Vengold reduces interest in Lihir — Sale enables company to shed US$11m in outstanding debt.

Shaky year-end results and a US$178.1-million debt load prodded Vengold (VEN-T) to cut its interest in the Lihir gold mine in Papua New Guinea.

Vengold sold 5.9 million shares of Australian-based Niugini Mining and reduced its direct and indirect interest in the Lihir gold mine to 18.5% from 19.3%. The proceeds were used to reduce the company’s outstanding debt by about US$11 million.

“This reduction in indebtedness was a decision of the board of directors and is the first step in the refinancing of Vengold’s debt,” says President Ian Telfer.
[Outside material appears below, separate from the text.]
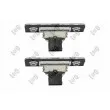 Feu éclaireur de plaque ABAKUS 017-19-900LED - Visuel 3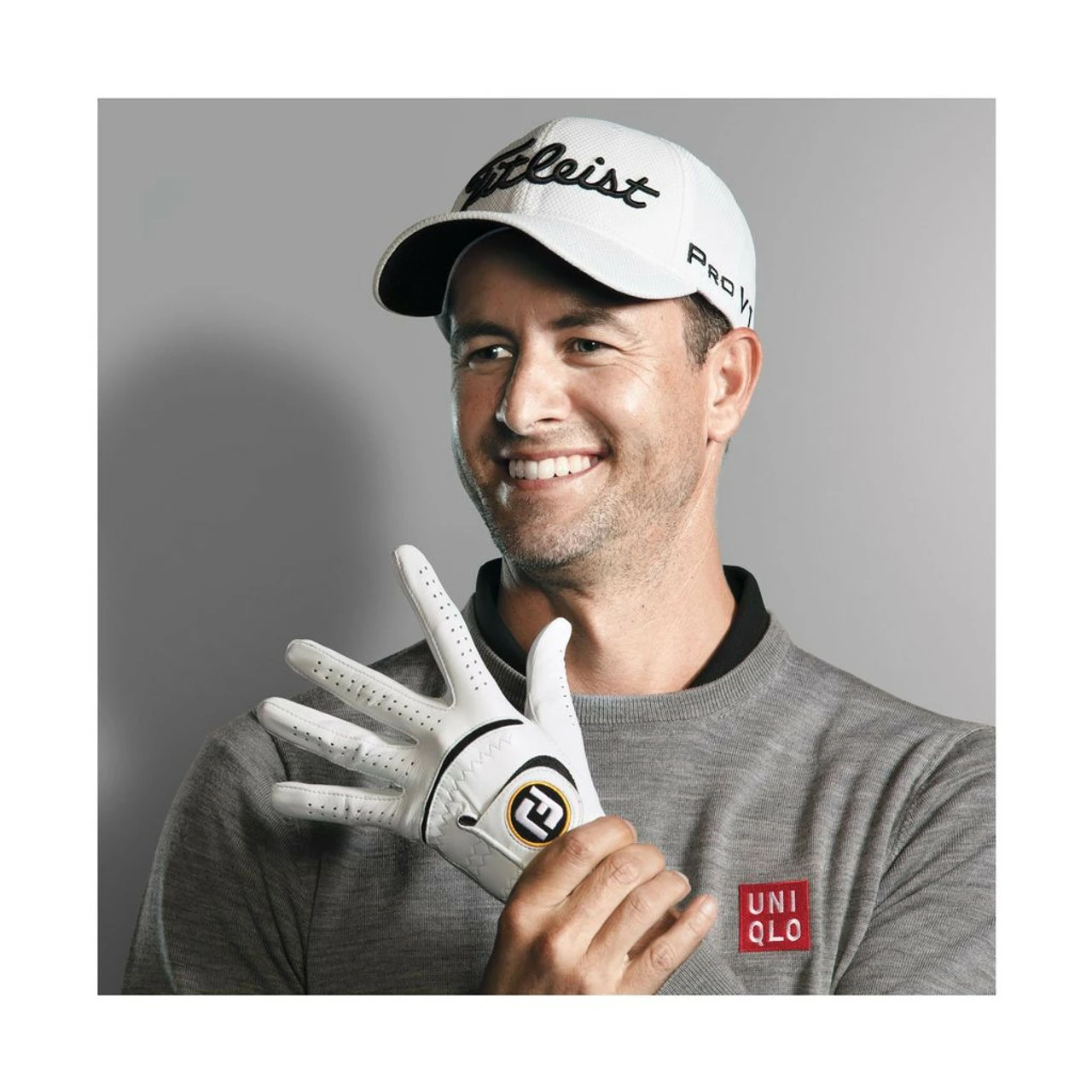 FootJoy Golf FootJoy StaSof Golf Gloves - Image 8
At the end of 1998, Vengold had US$178.9 million in long-term debt. The figure includes two loans, from the ING Bank and the ANZ Investment Bank, totalling US$72.8 million. The loans are due Aug. 4, 1999, and Vengold is seeking to refinance them loans for longer terms. The company has no intention of further reducing its interest in the mine.

In 1998, Vengold incurred a loss of US$14.4 million (or 11 cents per share) on revenue of US$28.5 million, compared with a loss of US$12.5 million (17 cents per share) on US$5.9 million in the previous year.

For the fourth quarter of 1998, the company reported a loss of US$7.6 million (5 cents per share) on US$9.8 million in revenue, compared with a year-ago loss of US$8.8 million (U12 cents per share) on US$5.9 million.

Fourth-quarter revenue from gold sales was enhanced by Lihir’s hedging program, which contributed US$64 per oz.

Last year, Lihir produced 6.8 million tonnes grading 6.94 grams gold per tonne. At a gold recovery rate of 95.1%, the operation cranked out 520,000 oz.

The mine sold 515,000 oz., with Vengold’s share totalling 80,000 oz. at a total cash production cost of US$224 per oz.

At the end of 1997, the mine was estimated to have minable reserves of 101.8 million tonnes grading 4.39 grams gold per tonne, equivalent to 14.2 million contained ounces at a stripping ratio of 3.1-to-1. These estimates were based on a gold price of US$365 per oz. and a cutoff grade of 2 grams.

In 1998, Vengold spent US$1.5 million on exploration, compared with US$2.9 million in 1997. Last year’s expenditures were applied to six properties in Nevada and one in Argentina. Drilling on the Nevada properties is expected to begin in the second quarter of 1999.

The Lihir mine is expected to produce 700,000 oz. gold this year, of which Vengold’s share will amount to about 135,000 ounces. Cash costs are expected to decline towards US$210 per oz. once repairs to an autoclave have been made.

The mine is owned by Papua New Guinea-based Lihir Gold (LIHRY-Q), whose stakeholders include Rio Tinto (RTP-N) and Niugini Mining, each of which has about a 17% share, and Battle Mountain Gold (BMG-N), which owns 50.5% of Niugini.

The open-pit mine is managed by a subsidiary of Rio Tinto under a long-term contract.

Placer Dome (PDG-T) holds a 16.5% interest in Vengold.